BRIEF:
Beginning with the line where "Your arm goes" appears, restate each line word for word until the data ends. Pictures do not go in.

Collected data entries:
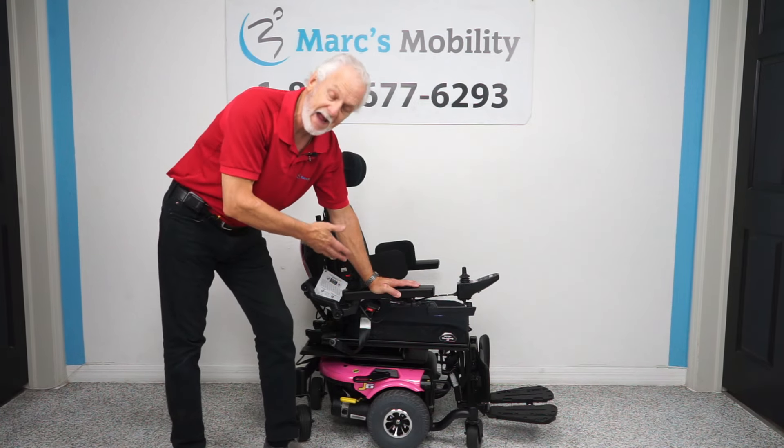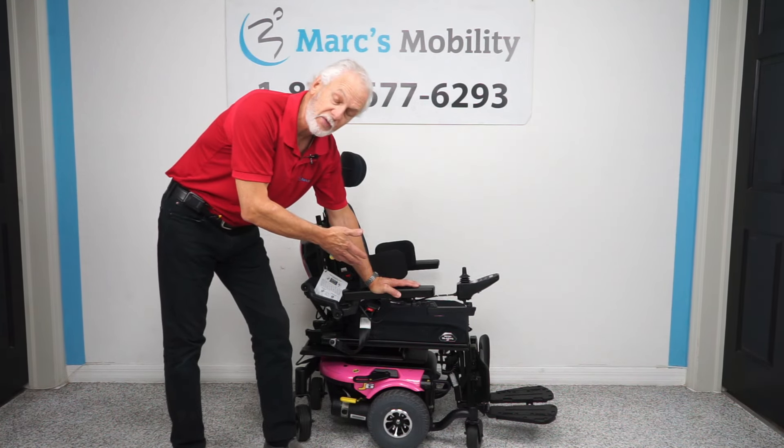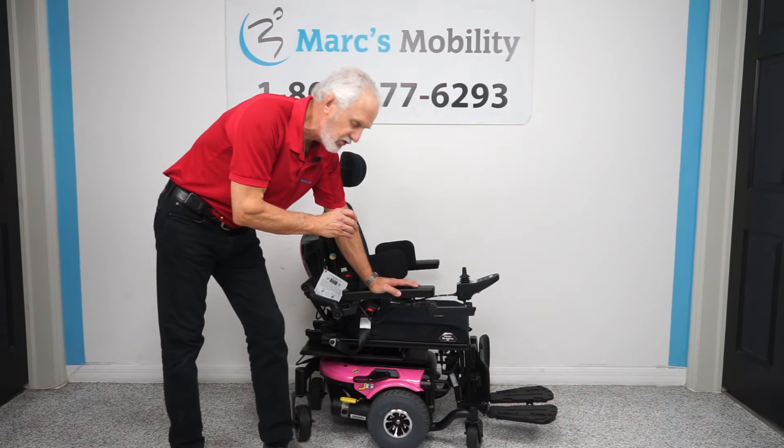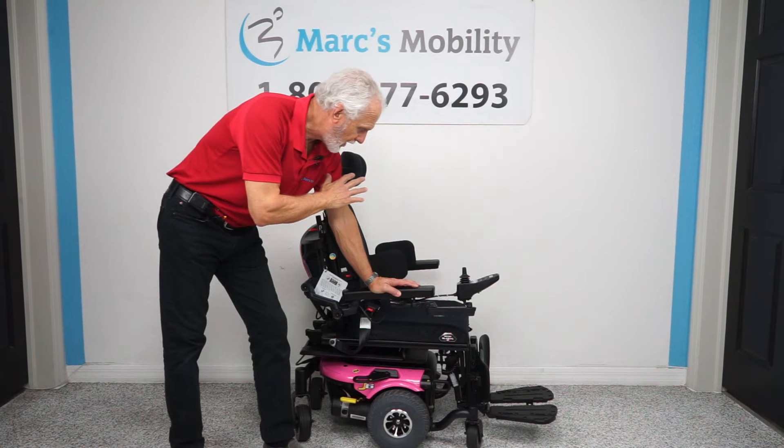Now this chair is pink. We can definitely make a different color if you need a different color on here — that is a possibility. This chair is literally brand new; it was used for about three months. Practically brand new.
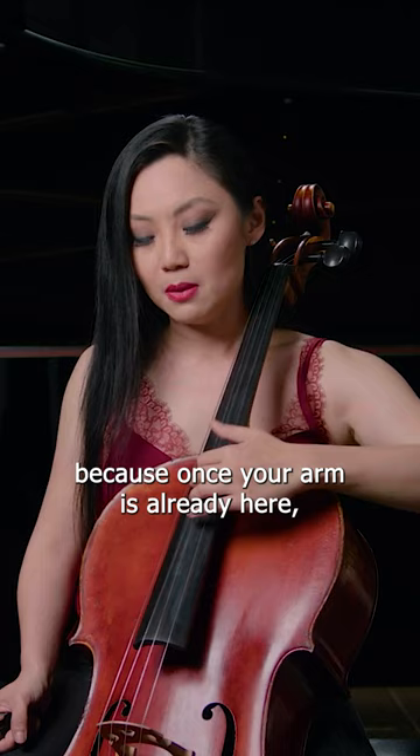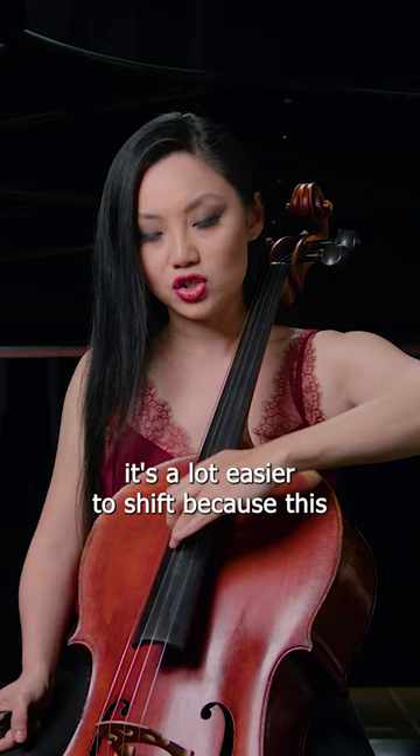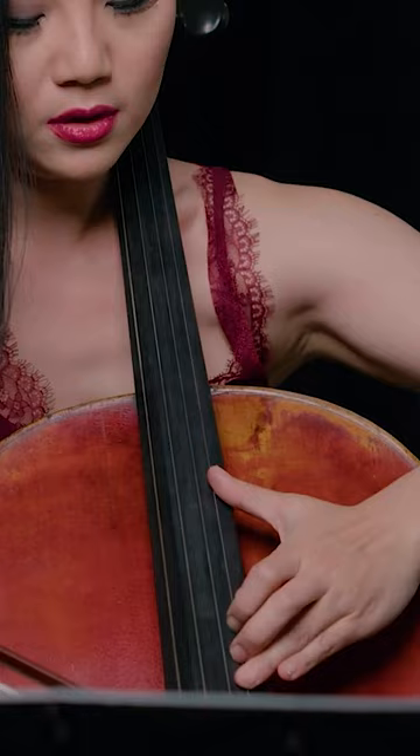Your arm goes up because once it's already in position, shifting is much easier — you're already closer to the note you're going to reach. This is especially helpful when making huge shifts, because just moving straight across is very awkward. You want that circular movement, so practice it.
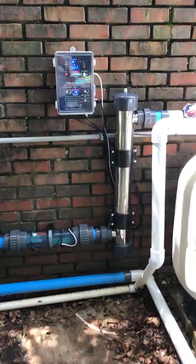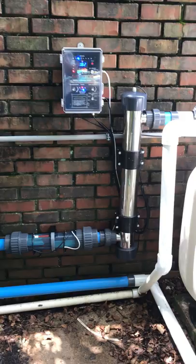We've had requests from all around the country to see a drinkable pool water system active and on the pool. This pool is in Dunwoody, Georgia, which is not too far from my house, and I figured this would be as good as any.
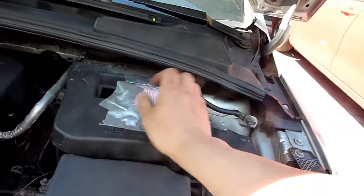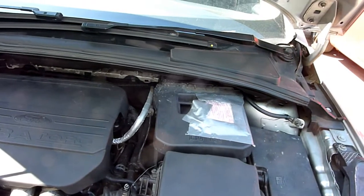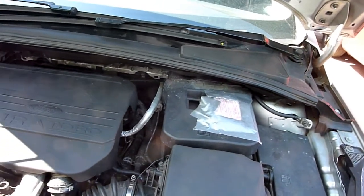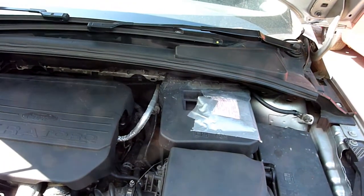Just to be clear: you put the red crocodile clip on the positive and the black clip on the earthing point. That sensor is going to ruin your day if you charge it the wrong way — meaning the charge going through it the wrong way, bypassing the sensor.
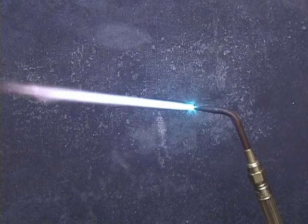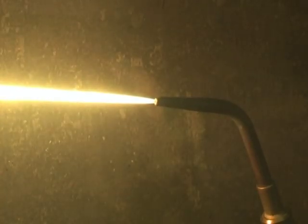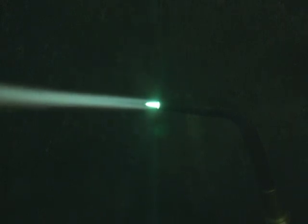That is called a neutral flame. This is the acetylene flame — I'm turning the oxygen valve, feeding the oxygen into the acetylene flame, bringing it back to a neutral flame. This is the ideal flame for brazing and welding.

OUTPUT BELOW:
Your arm goes up because once it's already in position, shifting is much easier — you're already closer to the note you're going to reach. This is especially helpful when making huge shifts, because just moving straight across is very awkward. You want that circular movement, so practice it.
We've had requests from all around the country to see a drinkable pool water system active and on the pool. This pool is in Dunwoody, Georgia, which is not too far from my house, and I figured this would be as good as any.
Just to be clear: you put the red crocodile clip on the positive and the black clip on the earthing point. That sensor is going to ruin your day if you charge it the wrong way — meaning the charge going through it the wrong way, bypassing the sensor.
That is called a neutral flame. This is the acetylene flame — I'm turning the oxygen valve, feeding the oxygen into the acetylene flame, bringing it back to a neutral flame. This is the ideal flame for brazing and welding.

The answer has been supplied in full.